*****
Dia, sempurna. Dengan segala kecewa dan bahagianya.
*****
Tentang bintang yang sedang melihat jelas luka yang tertoreh pada hati seseorang. Tentang langit gelap, yang menemani luka besar itu pada sebuah taman pelataran bangunan besar yang disebut sebagai rumah sakit. Bukan maksud tidak sopan semesta mengetahui akan luka besarnya, hanya saja luka itu nampak dengan jelas dan amat kentara. Sehingga semesta pun tahu, bahwa perlu obat banyak untuk luka yang banyak.
Dingin memang menembus permukaan kulit hingga sampai menusuk ke tulang. Akan tetapi usaha dalam dekapan juga tidak sia-sia untuk sekedar menghangatkan tubuh yang tidak lagi kokoh seperti biasanya.
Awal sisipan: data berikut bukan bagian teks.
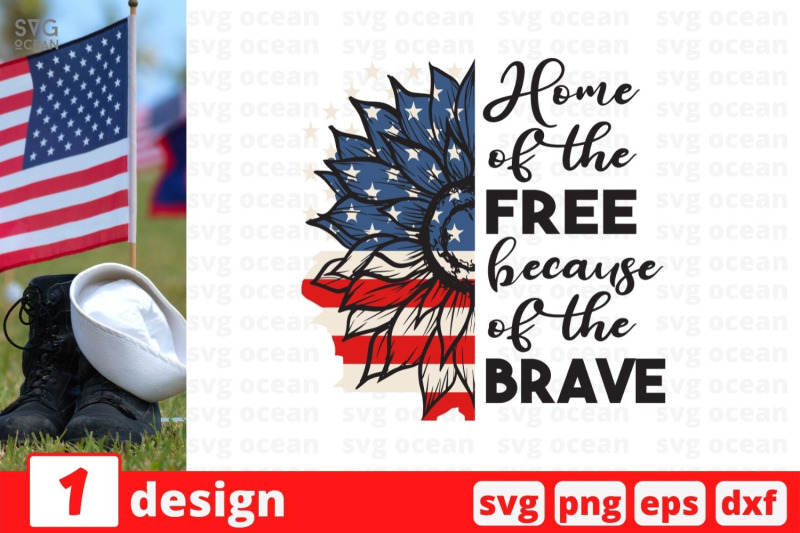 home-of-the-free-because-of-the-brave-svg-cut-file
Tangguhnya jatuh, wibawanya hilang, juga... ketegasannya telah lemah. Semua aura akan pemimpinnya sudah dipenuhi dengan kecewa besar yang meluluh lantahkan hati kerasnya.
Ah, dasar cengeng! Wajah tegas itu hanya memerah dengan mata yang berkaca-kaca. Mulutnya bungkam, semua keluh kesahnya terkunci tanpa mau ia utarakan.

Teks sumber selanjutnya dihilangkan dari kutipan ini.